- TASK BRIEF
Please reproduce all of the data below exactly, leaving each picture out.

***** GIVEN DATA *****

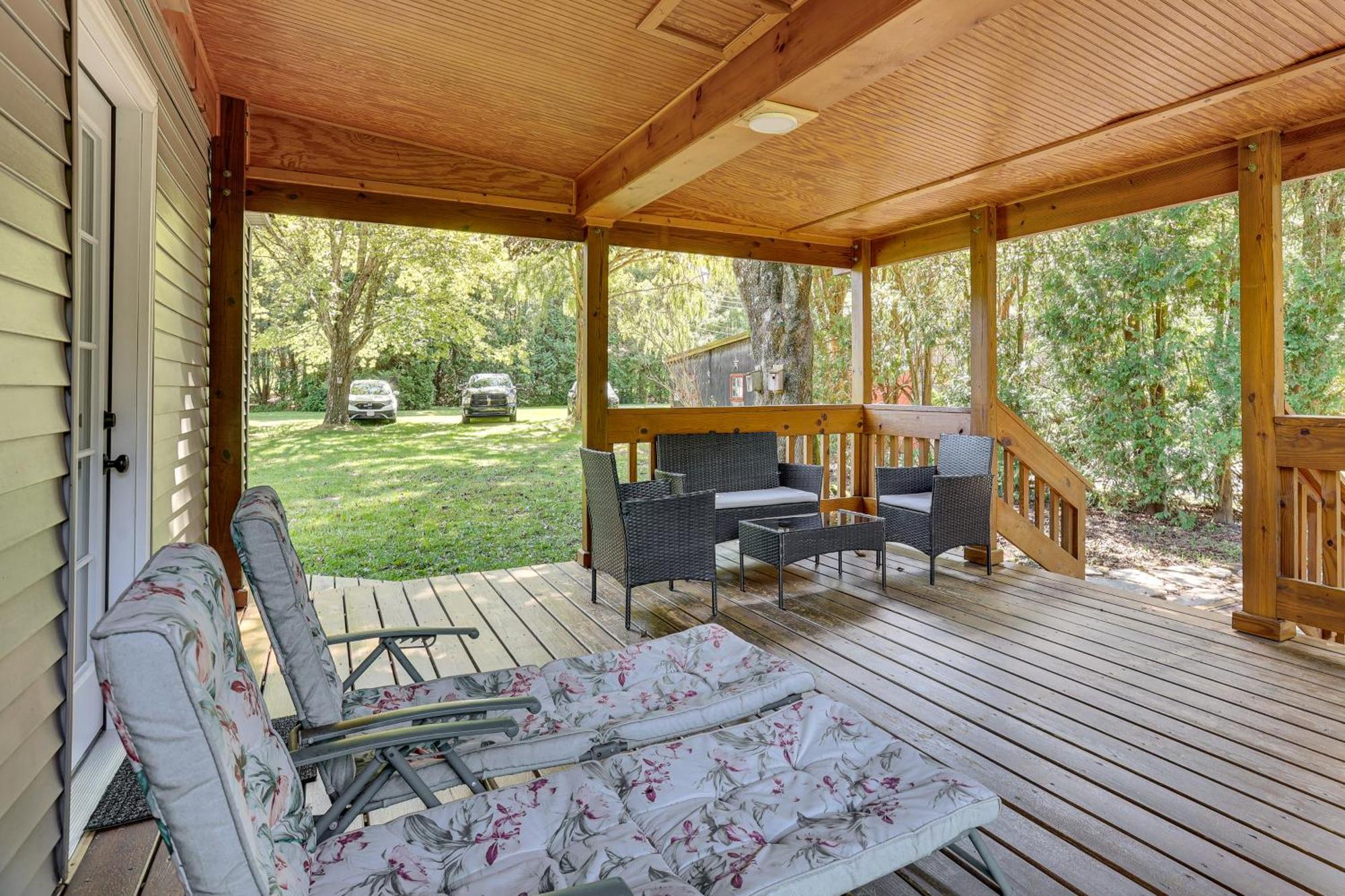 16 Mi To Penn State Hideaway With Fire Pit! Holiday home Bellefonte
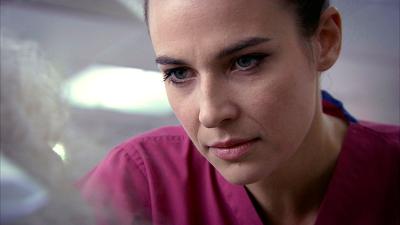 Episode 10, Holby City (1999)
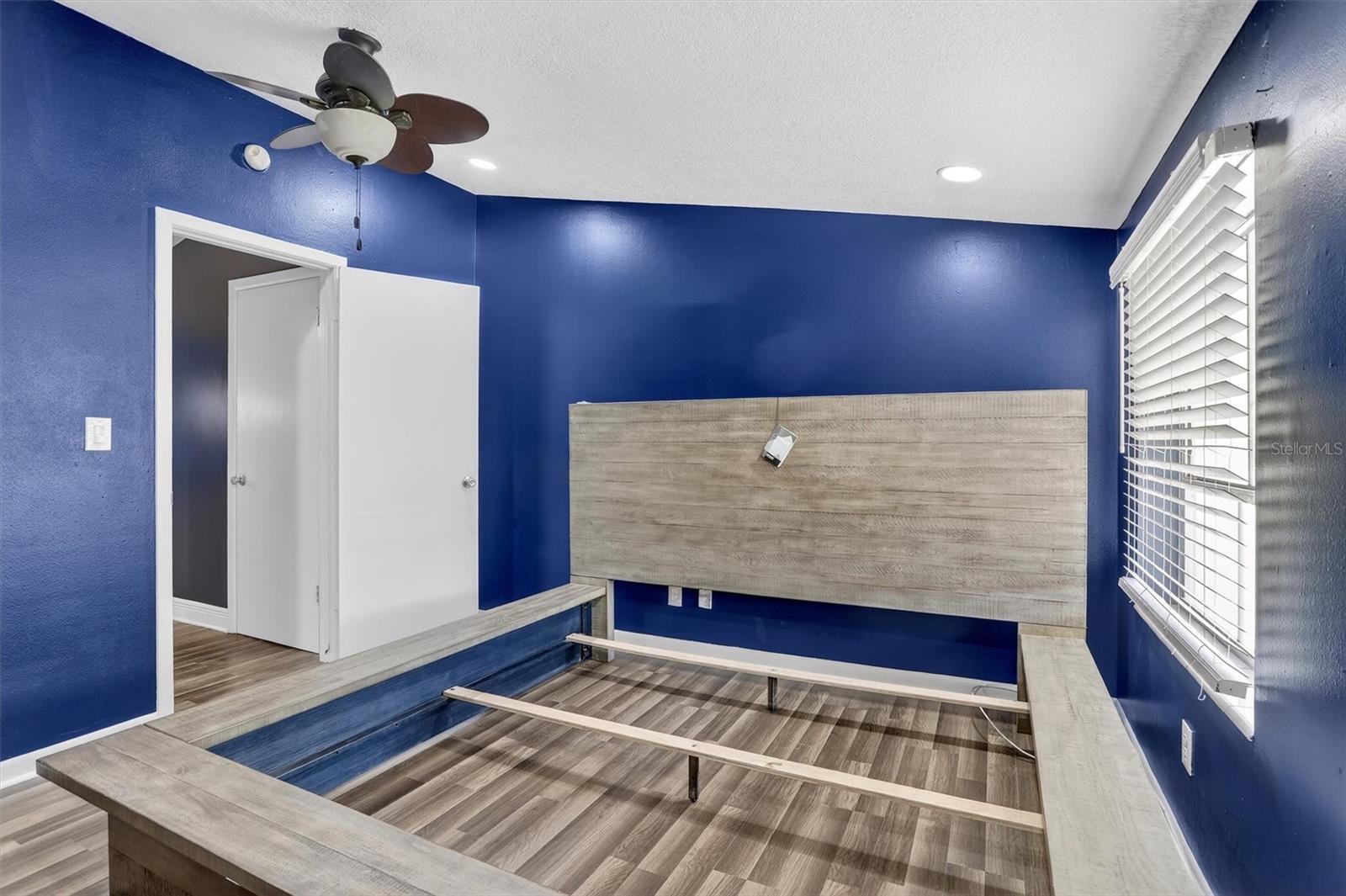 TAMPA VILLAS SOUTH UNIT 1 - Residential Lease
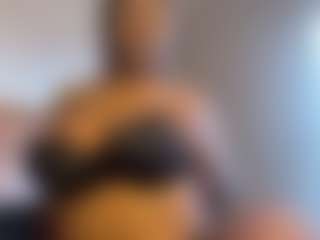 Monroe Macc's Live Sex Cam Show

*****

- YOUR SOLUTION
 16 Mi To Penn State Hideaway With Fire Pit! Holiday home Bellefonte
 Episode 10, Holby City (1999)
 TAMPA VILLAS SOUTH UNIT 1 - Residential Lease
 Monroe Macc's Live Sex Cam Show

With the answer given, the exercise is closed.